Современный глобальный капитализм доводит отношения должника/кредитора до их предела и одновременно подрывает их: долг становится откровенно смехотворным избытком. Таким образом, мы оказываемся в сфере непристойного: когда кредит выдается, от должника вовсе не ожидается, что он его вернет, – долг прямо рассматривается как средство контроля и господства.
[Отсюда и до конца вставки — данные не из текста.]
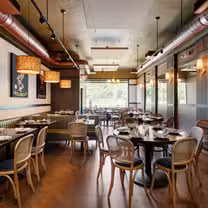 Una foto del restaurante Alessandro’s Italian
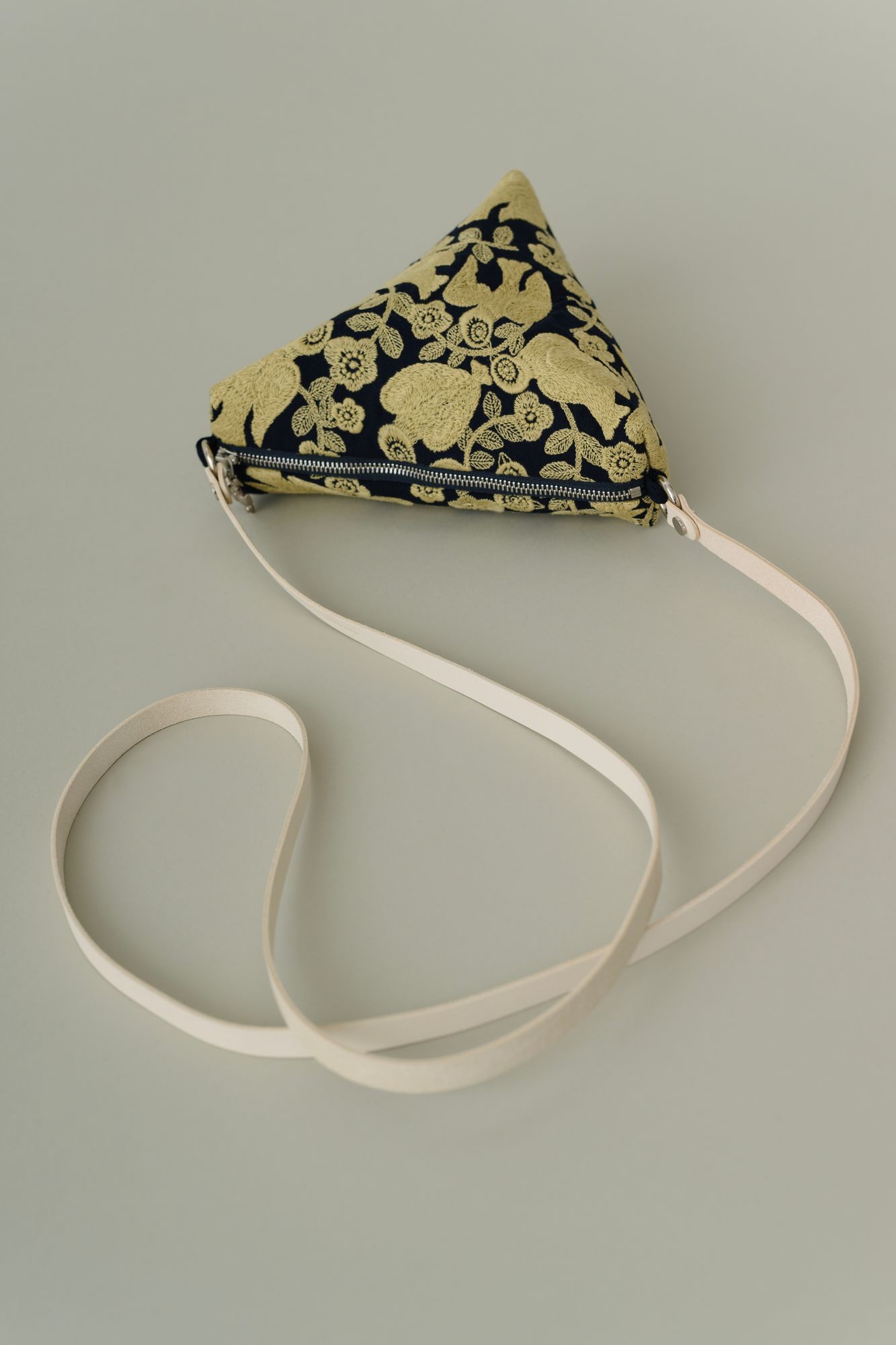 shoulder strap - minä perhonen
Вспомните о продолжающемся давлении на Грецию с целью принудить ее к сокращению бюджетных расходов – оно идеально подходит под описание того, что в психоанализе называется супер-эго. Супер-эго не является этической инстанцией в собственном смысле, скорее, это садистская инстанция, которая забрасывает субъекта невозможными требованиями, непристойно наслаждаясь его неспособностью их выполнить. Парадокс супер-эго заключается в том, что, как это ясно видел Фрейд, чем больше мы подчиняемся его требованиям, тем более виновными мы себя ощущаем. Представьте себе порочного учителя, который дает своим ученикам непосильные задания, а потом садистски глумится над ними, видя их ужас и панику. Вот что ужасающе несправедливо в требованиях ЕС: они не оставляют Греции никакого шанса, ее проигрыш в этой игре заранее предусмотрен. Задача политико-экономического анализа заключается здесь в том, чтобы обозначить стратегии выхода из этого жуткого замкнутого круга долга и вины.

Такого рода парадокс был задействован, конечно, с самого начала, поскольку обещание/обязательство, которое не может быть когда-либо полностью выполнено, образует саму основу банковской системы. Когда некто кладет деньги в банк, то банк обязывается вернуть их в любой момент – но все мы знаем, что, хотя банк и может выдать деньги некоторым вкладчикам, он по определению не способен вернуть их всем. Тем не менее этот парадокс, изначально касавшийся отношений между вкладчиками и их банком, теперь относится также и к отношениям между банком и заемщиками. Из этого следует, что подлинная цель выдачи денег взаем – вовсе не получение их обратно с прибылью, а бесконечное продление долга, которое удерживает должника в постоянной зависимости и подчинении. Лет десять назад Аргентина решила досрочно погасить свой долг перед МВФ (получив финансовую помощь от Венесуэлы), и реакция на это МВФ оказалась поразительной: вместо того чтобы обрадоваться возвращению денег, МВФ (точнее, его руководство) выразил обеспокоенность, что Аргентина воспользуется этой новой свободой и финансовой независимостью от международных финансовых институций, дабы отклониться от жесткой финансовой политики и начать безоглядно тратить деньги. Такое недовольство позволяет понять, на чем в действительности основаны отношения заемщика и кредитора: долг представляет собой инструмент контроля и регулирования поведения должника, а потому стремится к своему расширенному воспроизводству.